Was von einer Südtiroler Momentaufnahme übrig bleibt, wenn man die Männer in den Schatten stellt.

Vorstellung von IDM Südtirol – Alto Adige, dem neuen Sonderbetrieb von Land und Handelskammer, und deren Abteilungsleiter, Oktober 2015.

Bild: LPA

Die Frage nach der Gleichberechtigung ist nicht neu, und sie ist in manchen Teilen überholt. Sie dreht sich um theoretische Aspekte wie die Überlegung, ob eine Quote um eine Kommastelle auf- oder abgerundet werden soll und jeder Begriff auch mit „–innen“ enden muss, oder ob ein freizügiger Kalender Grödner Skilehrerinnen ein falsches Bild von Frau vermittelt. Ja!, rufen manche, Nein!, die anderen, und eine zunehmende Mehrheit entschließt sich unentschlossen dazu, dass es ihr vielfach einfach wurst ist. Wer will denn noch jammern in Zeiten wie diesen, wo Frauen alle Freiheiten haben und jedes Unternehmen weiß, dass sein Außenbild stark davon abhängt, wie viele Frauen vom Foto der Führungsspitze lächeln?

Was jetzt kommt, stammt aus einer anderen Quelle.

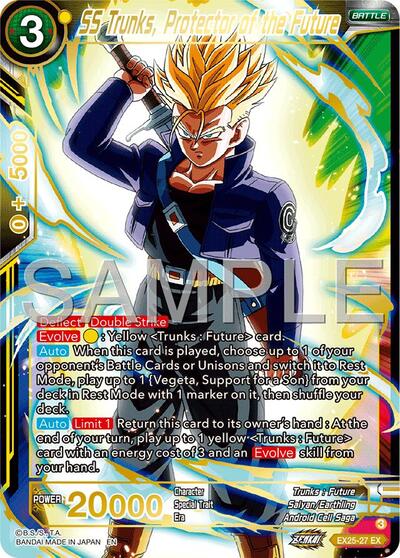 SS Trunks, Protector of the Future EX25-27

Um von der Theorie in die Praxis zu wechseln: Wie viele Frauen lächeln denn tatsächlich von diesem Foto? Ist das Bild denn ausgeglichen? Landeshauptmann Arno Kompatscher ist da skeptisch: Nach der Vorstellung der neuen Gesellschaft „IDM – Südtirol Alto Adige“, bei der sieben männliche Entscheidungsträger neben einer Moderatorin auf der Bühne standen, meinte er anschließend reumütig, man habe „selbst gemerkt, dass an dem Bild etwas nicht stimmt.“

So haben wir uns die Bilder mal angeschaut, die täglich in Politik und Wirtschaft entstehen. Was bleibt von der Idee von Frau und Mann auf Augenhöhe im Südtiroler Tagesgeschäft, wenn Hände geschüttelt und Verträge geschlossen werden, kommuniziert und präsentiert und Wichtiges entschieden wird; wenn Politiker diskutieren und es um Dinge geht wie den Fusionsvertrag zwischen SEL und AEW, um HDS und SVP.

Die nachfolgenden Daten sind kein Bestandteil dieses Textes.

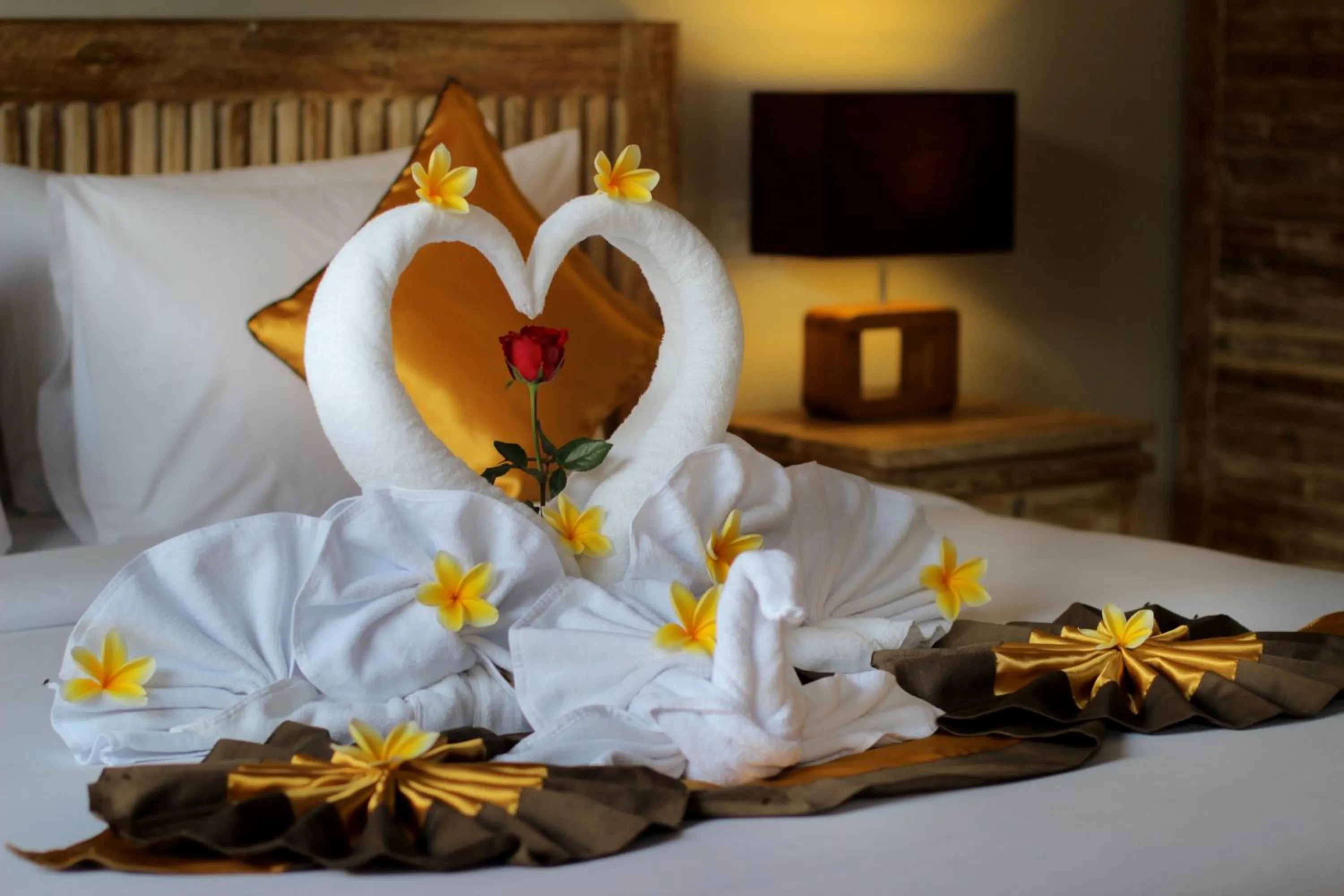 Bed in The Murdha Villa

Stehen die Frauen im Schatten? Wir haben die Sache mal umgedreht, und versucht die Männer auszublenden. Diese andere Darstellung der Wirklichkeit ist kein Aufschrei. Sie ist vielleicht ein Denkanstoß: Sind Frauen wirklich unterrepräsentiert? Gibt es gläserne Decken, oder sind es die Frauen selbst, die ihr Glück woanders suchen? Ist es die Freiheit einer freien Frau, sich gegen den Weg nach oben zu entscheiden, oder die Pflicht der Politik, sie dorthin zu bringen? Und brauchen wir mehr KITAs?